La Librairie Blaizot présente une cinquantaine de reliures d’Alain Koren réalisées entre 2007 et 2022. Ses créations se distinguent par différentes caractéristiques, dont le travail d’incision de la peau, la recherche de l’équilibre et l’affirmation d’un style.
« Parce que la forme est contraignante, l’idée jaillit plus intense », écrit Charles Baudelaire en 1860. Si l’homme de lettres évoque les contraintes de l’écriture poétique, en particulier du sonnet, celles que s’est imposées Alain Koren dès ses débuts dans le métier de relieur aboutissent à une esthétique fondée sur l’équilibre des compositions, leur profondeur et leur légèreté obtenues par la richesse des motifs et un goût sûr dans le choix et l’agencement des teintes. L’ensemble étant contraint par la forme du livre et les spécificités techniques de la reliure. Le spectateur reste intrigué et ébloui par ce que le relieur appelle la mosaïque déstructurée : « J’ai commencé le décor avec un vrai souci de réaliser des mosaïques de belle facture. Par contre j’avais aussi à cœur d’en modifier les codes graphiques qui me paraissaient très contraignants, très géométriques et convenus, si bien que, sans trop l’avoir programmé, je me suis rapidement éloigné du travail de maquette et, par dérivation, d’un projet visuel préalablement établi. Mon intérêt allait vraiment vers une pratique plus souple, plus créative, plus incertaine aussi, dans l’idée d’un graveur qui élabore sa plaque au fil du travail au burin et des épreuves successives qu’il modifie au fur et à mesure de l’avancée du travail. »
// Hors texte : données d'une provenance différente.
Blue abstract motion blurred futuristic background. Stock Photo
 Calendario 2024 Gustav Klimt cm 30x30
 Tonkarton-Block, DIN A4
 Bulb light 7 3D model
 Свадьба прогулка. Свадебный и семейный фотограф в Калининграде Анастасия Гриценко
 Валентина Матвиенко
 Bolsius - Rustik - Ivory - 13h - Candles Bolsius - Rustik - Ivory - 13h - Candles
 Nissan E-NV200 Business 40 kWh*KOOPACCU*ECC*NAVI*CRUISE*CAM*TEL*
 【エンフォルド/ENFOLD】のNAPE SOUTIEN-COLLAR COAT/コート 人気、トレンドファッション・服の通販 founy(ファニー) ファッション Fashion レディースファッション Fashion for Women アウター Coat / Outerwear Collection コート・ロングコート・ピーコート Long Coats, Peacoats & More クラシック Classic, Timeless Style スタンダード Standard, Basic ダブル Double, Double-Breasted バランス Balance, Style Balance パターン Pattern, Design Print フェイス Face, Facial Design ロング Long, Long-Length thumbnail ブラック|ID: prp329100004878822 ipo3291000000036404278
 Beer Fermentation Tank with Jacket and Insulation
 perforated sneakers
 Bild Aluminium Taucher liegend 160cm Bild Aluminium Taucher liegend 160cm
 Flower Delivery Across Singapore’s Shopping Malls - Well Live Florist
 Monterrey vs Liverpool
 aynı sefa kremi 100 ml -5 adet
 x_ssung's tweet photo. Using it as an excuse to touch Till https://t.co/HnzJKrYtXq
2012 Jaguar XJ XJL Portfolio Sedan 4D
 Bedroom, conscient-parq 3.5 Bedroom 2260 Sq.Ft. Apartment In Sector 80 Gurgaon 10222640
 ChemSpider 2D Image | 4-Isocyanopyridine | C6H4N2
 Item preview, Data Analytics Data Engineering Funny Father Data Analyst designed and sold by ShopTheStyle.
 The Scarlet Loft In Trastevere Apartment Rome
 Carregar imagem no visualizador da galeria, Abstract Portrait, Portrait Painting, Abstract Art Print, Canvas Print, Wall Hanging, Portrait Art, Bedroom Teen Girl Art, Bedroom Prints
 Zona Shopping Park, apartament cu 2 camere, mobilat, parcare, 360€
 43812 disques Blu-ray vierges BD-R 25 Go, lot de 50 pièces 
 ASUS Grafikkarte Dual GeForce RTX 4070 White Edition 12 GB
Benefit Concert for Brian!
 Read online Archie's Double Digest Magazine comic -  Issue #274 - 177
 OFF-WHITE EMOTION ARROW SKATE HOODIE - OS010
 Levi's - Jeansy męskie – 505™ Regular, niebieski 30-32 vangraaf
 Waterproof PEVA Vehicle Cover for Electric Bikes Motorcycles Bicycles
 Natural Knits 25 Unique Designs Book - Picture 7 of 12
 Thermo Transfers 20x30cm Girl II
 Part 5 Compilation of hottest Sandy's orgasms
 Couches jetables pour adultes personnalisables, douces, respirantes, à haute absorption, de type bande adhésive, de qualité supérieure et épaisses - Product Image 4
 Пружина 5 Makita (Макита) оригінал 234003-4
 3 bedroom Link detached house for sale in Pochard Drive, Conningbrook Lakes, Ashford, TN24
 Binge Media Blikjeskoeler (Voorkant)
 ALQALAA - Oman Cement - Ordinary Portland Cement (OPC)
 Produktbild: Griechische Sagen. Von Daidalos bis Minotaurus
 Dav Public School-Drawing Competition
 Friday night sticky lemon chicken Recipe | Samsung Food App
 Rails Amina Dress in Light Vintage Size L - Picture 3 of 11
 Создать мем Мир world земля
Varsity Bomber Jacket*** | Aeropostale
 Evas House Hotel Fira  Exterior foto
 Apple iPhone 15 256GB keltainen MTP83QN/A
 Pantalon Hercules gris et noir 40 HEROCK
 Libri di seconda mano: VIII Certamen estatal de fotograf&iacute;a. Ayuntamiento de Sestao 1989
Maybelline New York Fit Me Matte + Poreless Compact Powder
Des plats comme la toile d’un plasticien
Les recherches d’Alain Koren s’inscrivent davantage dans le domaine des beaux-arts (formation suivie à Aix-en-Provence) que dans celui des arts décoratifs. Une position défendue par le relieur pour qui les plats sont, comme la toile du plasticien, un lieu d’expression libre et dynamique, comme l’est la peinture gestuelle, tempéré par une maîtrise singulière des techniques de couvrure et de décor par incision. « J’en suis venu assez vite à modifier complètement le process habituel de la couvrure, en découpant ma peau et mon décor à plat sur la table – une hérésie peut-être, mais qui ouvrait pour moi un champ pictural immense et une pratique créative jusqu’au bout du travail. » Au fil de l’exposition, le visiteur prend la mesure de l’évolution d’un style : les incisions et leur extraordinaire finesse, tout comme l’apparition des couleurs sur les peaux claires créent des espaces inattendus dévoilant, entre rêve et émotion, ce qui est derrière les apparences.
Marie Akar
« Alain Koren, Couvrure ouvrures, mosaïques destructurées »
Du 5 au 22 octobre 2022 à la Librairie Blaizot
164 rue du Faubourg Saint-Honoré, 75008 Paris.
Tél. 01 43 59 36 58
www.blaizot.com
Vernissage le 5 octobre à partir de 15h30.
Catalogue, 80 p.
Invité à l’exposition Éphémère, le 6 octobre, mairie du VIe arrondissement de Paris, de 16h à 20h45.